#### Task instructions:
Retype all data exactly as given. Pictures should not be retyped.

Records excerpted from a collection
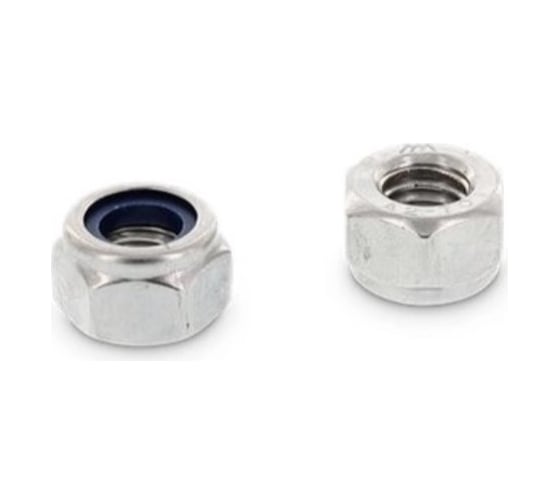 Изображение товара Гайка самоконтрящаяся ЦКИ DIN 982, м12, высокая, 10, цинк, sw19, 10 шт. 32104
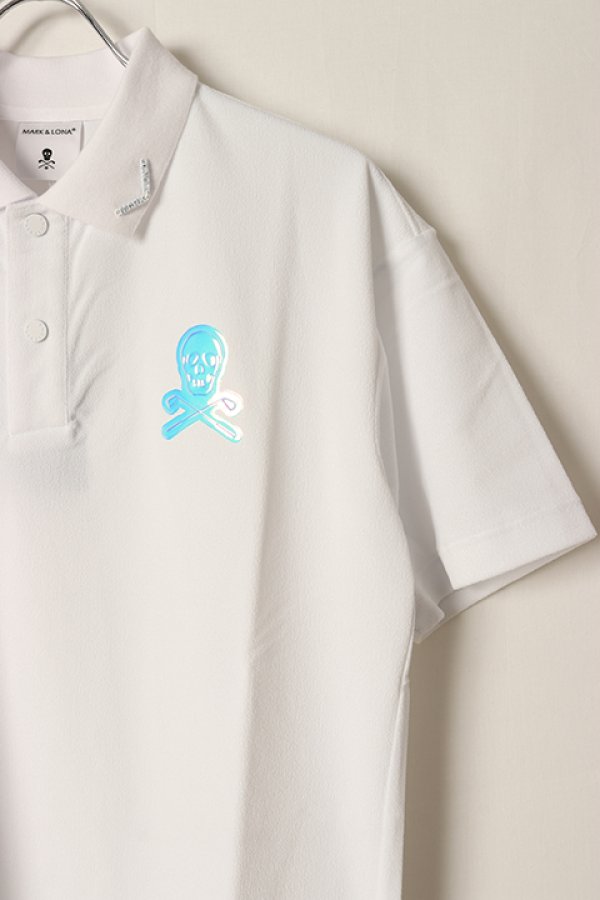 画像3: 【 30%OFF セール31,900円→22,330円】 MARK & LONA マークアンドロナ Superb Micro Pile Polo | MEN{-BDS} (3)
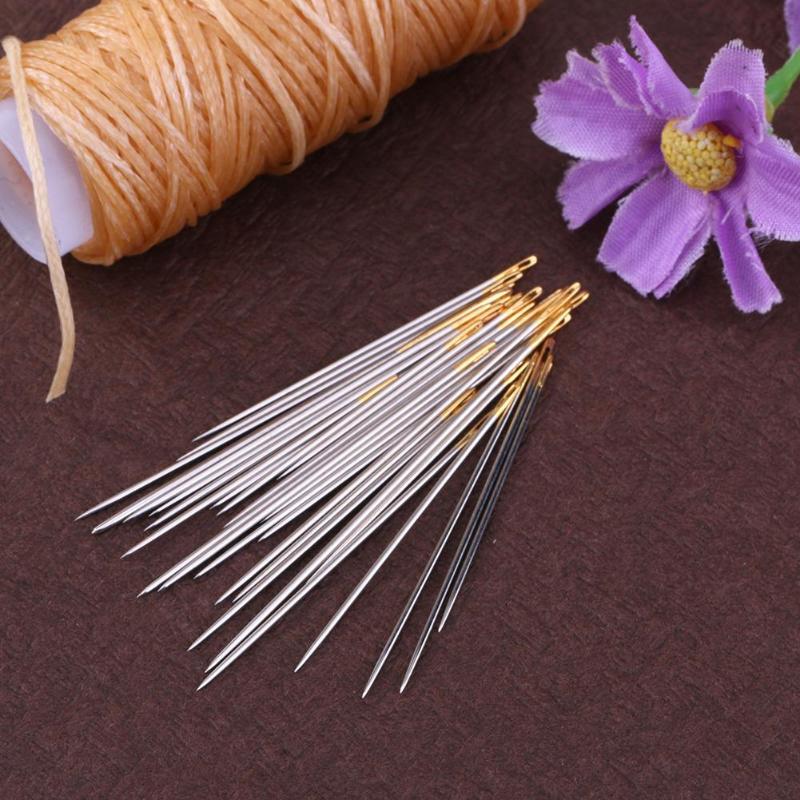 16Pcs/set Hand Sewing Needles Gold Eye Needle Embroidery Tapestry Home Wool DIY Sewing Accessories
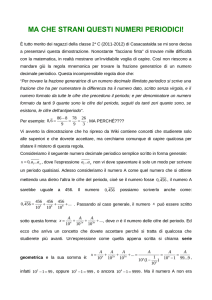 ma che strani questi numeri periodici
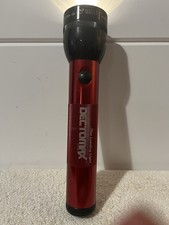 Maglite Red Torch VGC Working Used Flashlight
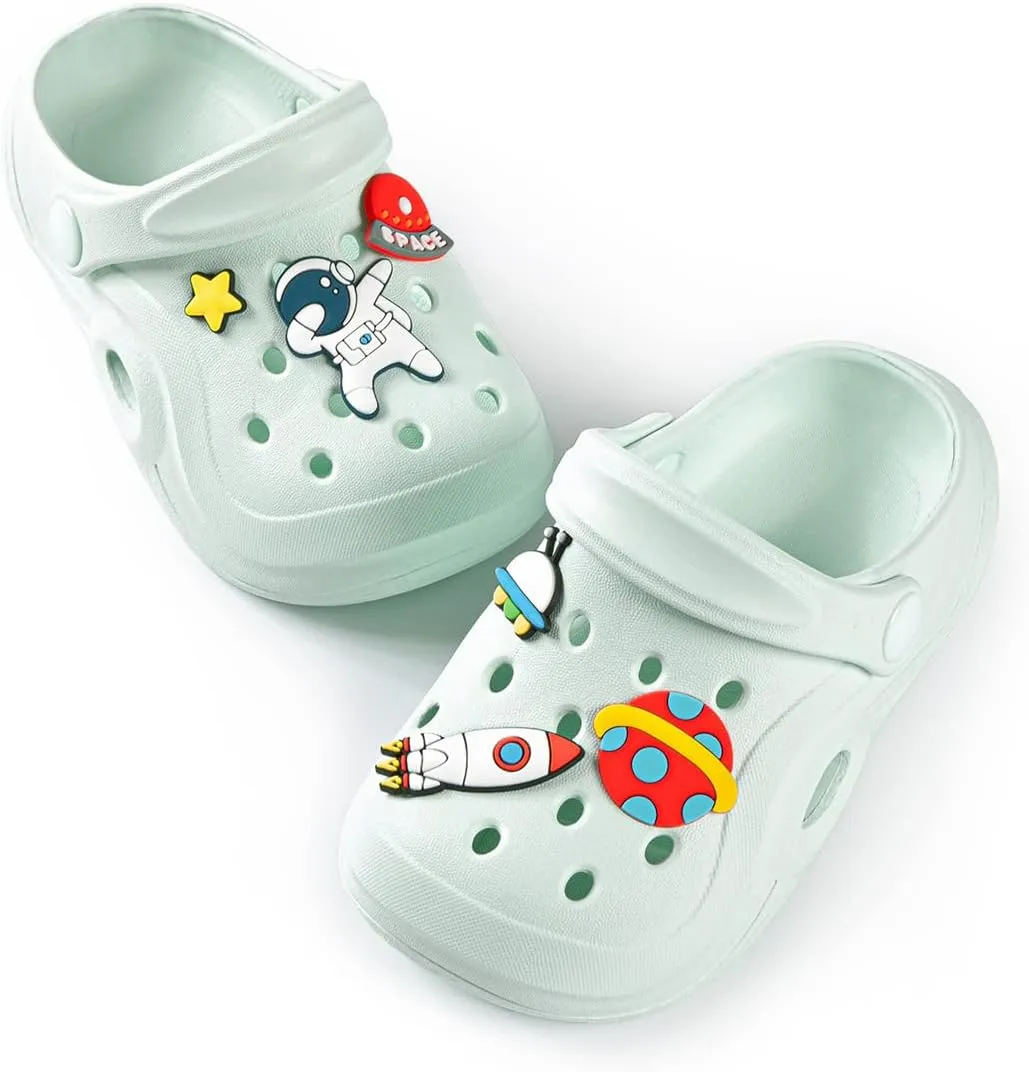 Toddler Kids Boys Girls Cute Garden Water Clogs Sandals Slip On Shoes Slipper Slides Lightweight Outdoor Summer Infant Children Beach Pool Shoes (Baby/Toddler Kids)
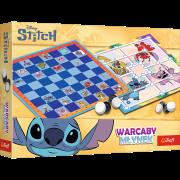 Gra Warcaby i Młynek Lilo and Stitch 02799. Wydawca: Trefl PAP. Dadada.pl Opakowanie Gra Warcaby i Młynek Lilo and Stitch 02799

#### Finished task:
 Изображение товара Гайка самоконтрящаяся ЦКИ DIN 982, м12, высокая, 10, цинк, sw19, 10 шт. 32104
 画像3: 【 30%OFF セール31,900円→22,330円】 MARK & LONA マークアンドロナ Superb Micro Pile Polo | MEN{-BDS} (3)
 16Pcs/set Hand Sewing Needles Gold Eye Needle Embroidery Tapestry Home Wool DIY Sewing Accessories
 ma che strani questi numeri periodici
 Maglite Red Torch VGC Working Used Flashlight
 Toddler Kids Boys Girls Cute Garden Water Clogs Sandals Slip On Shoes Slipper Slides Lightweight Outdoor Summer Infant Children Beach Pool Shoes (Baby/Toddler Kids)
 Gra Warcaby i Młynek Lilo and Stitch 02799. Wydawca: Trefl PAP. Dadada.pl Opakowanie Gra Warcaby i Młynek Lilo and Stitch 02799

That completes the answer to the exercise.